● **Work instructions**: Everything from the line with "Семейството двигатели от" to the end of the data below must be returned exactly as it is, and nothing besides.
________
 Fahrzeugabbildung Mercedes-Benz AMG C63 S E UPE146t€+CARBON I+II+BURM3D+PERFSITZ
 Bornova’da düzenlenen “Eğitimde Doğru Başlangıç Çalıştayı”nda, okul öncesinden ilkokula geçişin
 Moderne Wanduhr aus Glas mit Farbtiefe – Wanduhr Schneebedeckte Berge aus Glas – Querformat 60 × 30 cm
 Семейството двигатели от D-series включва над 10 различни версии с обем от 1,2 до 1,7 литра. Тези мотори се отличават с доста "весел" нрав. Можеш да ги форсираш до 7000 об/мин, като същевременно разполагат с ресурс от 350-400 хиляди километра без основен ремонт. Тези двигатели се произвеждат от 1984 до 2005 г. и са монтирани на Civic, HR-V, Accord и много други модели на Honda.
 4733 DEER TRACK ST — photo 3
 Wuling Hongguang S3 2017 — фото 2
________
● **Reply**:
 Семейството двигатели от D-series включва над 10 различни версии с обем от 1,2 до 1,7 литра. Тези мотори се отличават с доста "весел" нрав. Можеш да ги форсираш до 7000 об/мин, като същевременно разполагат с ресурс от 350-400 хиляди километра без основен ремонт. Тези двигатели се произвеждат от 1984 до 2005 г. и са монтирани на Civic, HR-V, Accord и много други модели на Honda.
 4733 DEER TRACK ST — photo 3
 Wuling Hongguang S3 2017 — фото 2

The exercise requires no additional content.